FlashAttention: Fast Transformer Training with Long Sequences
Date
10/01/2023Date
TechnologyTransformers have been growing both deeper and wider, but there's a catch—training them on long sequences is a computational nightmare. Enter FlashAttention, a new algorithm designed to make your attention layers faster and more memory-efficient, all without approximation. Since its release six months ago, it has been widely adopted, and we're here to share some exciting updates!
We're pushing the envelope when it comes to sequence length in Transformers. The multihead attention layer, the crux of any Transformer model, has runtime and memory requirements that scale quadratically with the input sequence length. The standard 2K sequence length is limiting when you want to train models that can read books, understand high-resolution images, or navigate webpages.

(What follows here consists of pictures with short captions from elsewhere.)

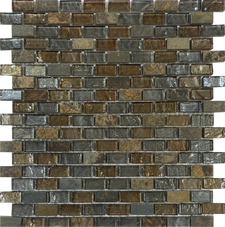 Glass and stone mosaic tiles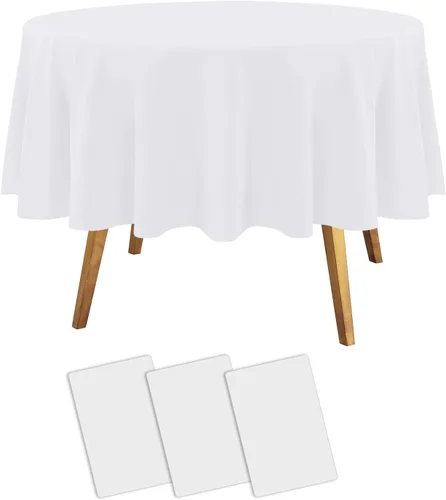 Miniatura 9 de Childom - Juego de 3 manteles redondos de plástico desechables de 84 pulgadas, manteles de mesa redondos para interiores o exteriores, fiestas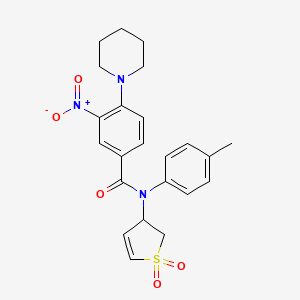 molecular formula C23H25N3O5S B3016334 N-(1,1-dioxo-2,3-dihydro-1lambda6-thiophen-3-yl)-N-(4-methylphenyl)-3-nitro-4-(piperidin-1-yl)benzamide CAS No. 371207-97-5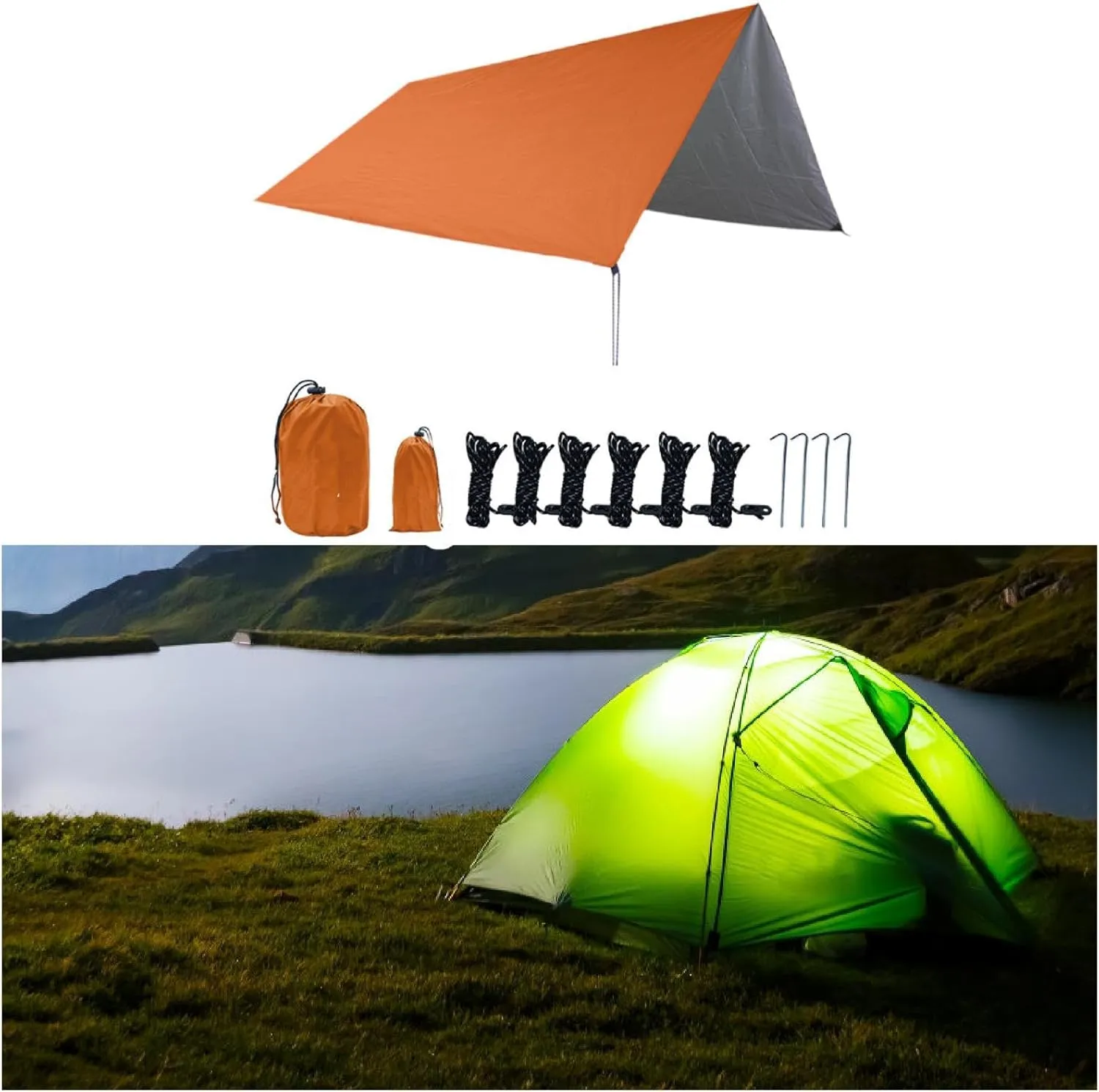 Compact Tarp for Camping and Outdoor Use with Storage Bag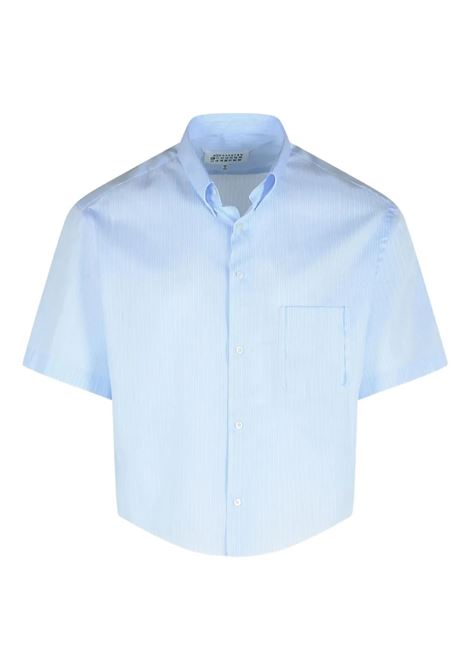 camicia a maniche corte uomo azzurra MAISON MARGIELA | S50DR0012 M35529471F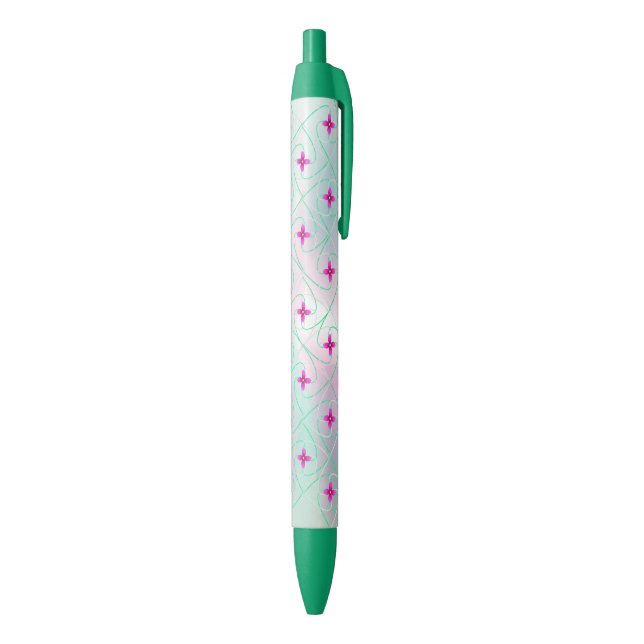Pink and green floral pattern  pen (Bottom (Vertical))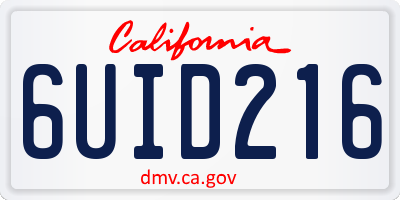 CA license plate 6UID216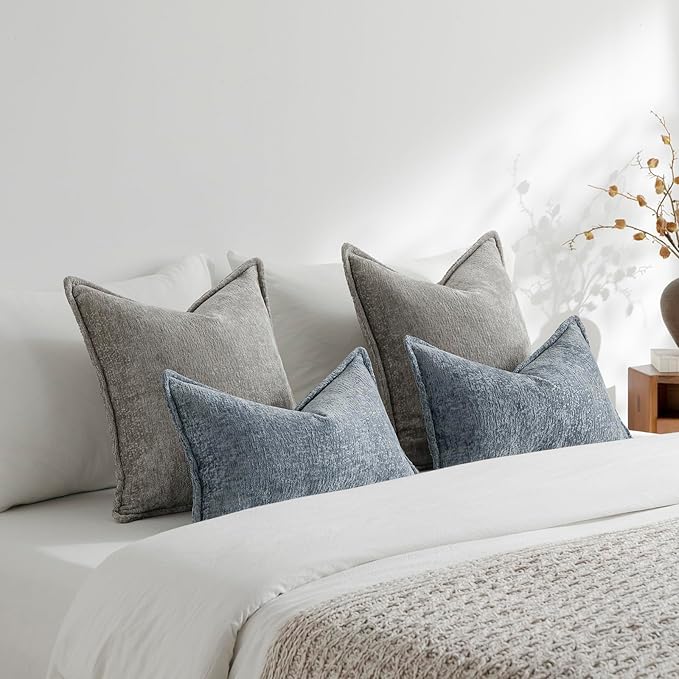DEZENE Pack of 2 Light Gray Decorative Throw Pillow Covers 24x24 Cozy Soft Chenille Accent Vintage Square Couch Pillow Covers for Home Decor Bed Sofa Living Room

FlashAttention reorders attention computation and leverages classic techniques like tiling to make the attention mechanism much more efficient. This is particularly beneficial when you're dealing with long sequences and small batch sizes.
To further optimize for long sequences, we've introduced additional parallelism over the sequence length dimension. We use multiple workers (thread blocks) to process each attention head, each taking care of a block of rows of the attention matrix. This leads to significant speedups.
When compared with standard PyTorch and Megatron-LM implementations, FlashAttention is up to 2.7x faster. For example, on an A100 40GB GPU, FlashAttention achieves a training efficiency of up to 175 TFLOPs/sec.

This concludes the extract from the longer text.